> [Directions for this task]
Return the complete listing exactly as it reads, with each picture removed.

> [Information shown]
==========

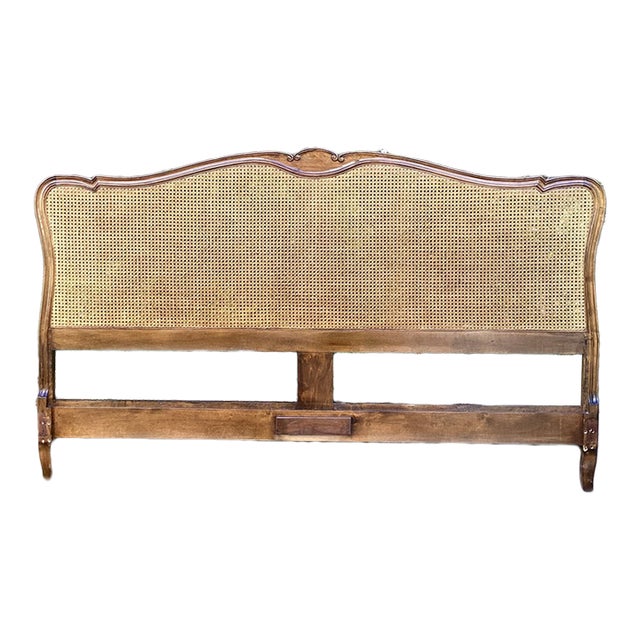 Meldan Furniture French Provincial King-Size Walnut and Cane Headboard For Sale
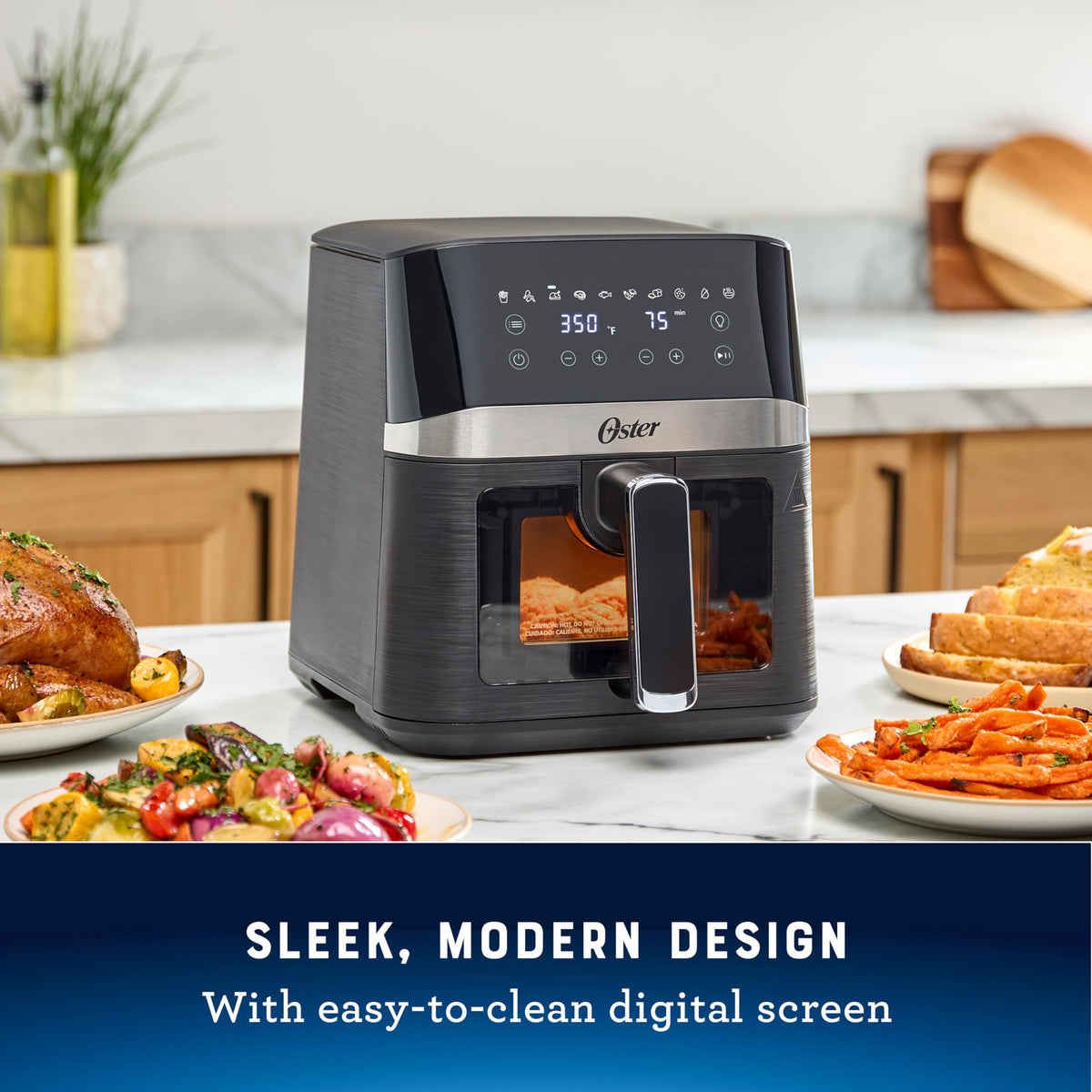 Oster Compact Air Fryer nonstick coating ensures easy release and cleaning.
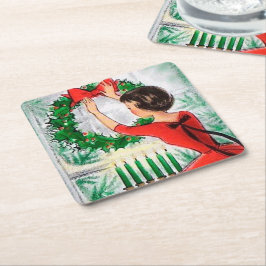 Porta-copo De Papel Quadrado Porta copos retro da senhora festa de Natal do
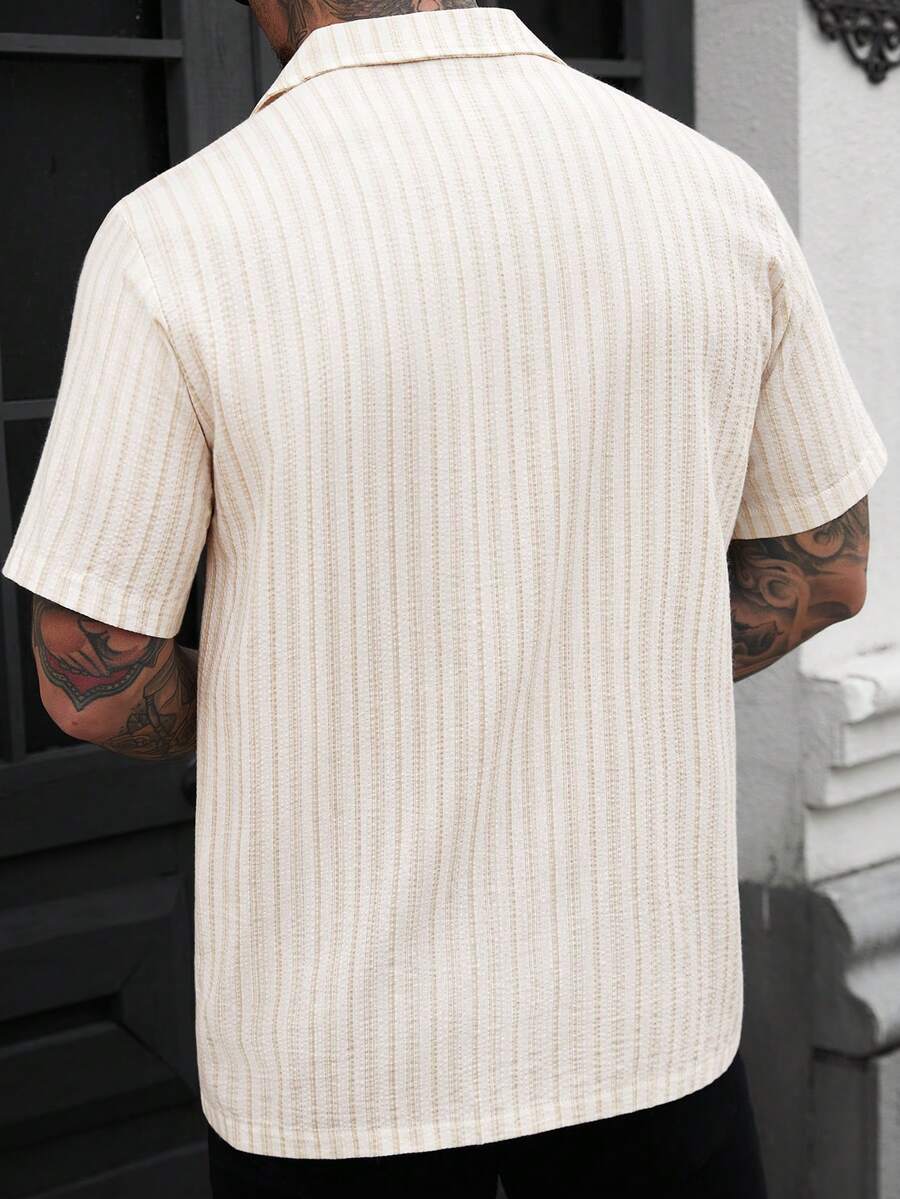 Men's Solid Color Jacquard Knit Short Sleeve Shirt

==========

> [Result below]
 Meldan Furniture French Provincial King-Size Walnut and Cane Headboard For Sale
 Oster Compact Air Fryer nonstick coating ensures easy release and cleaning.
 Porta-copo De Papel Quadrado Porta copos retro da senhora festa de Natal do
 Men's Solid Color Jacquard Knit Short Sleeve Shirt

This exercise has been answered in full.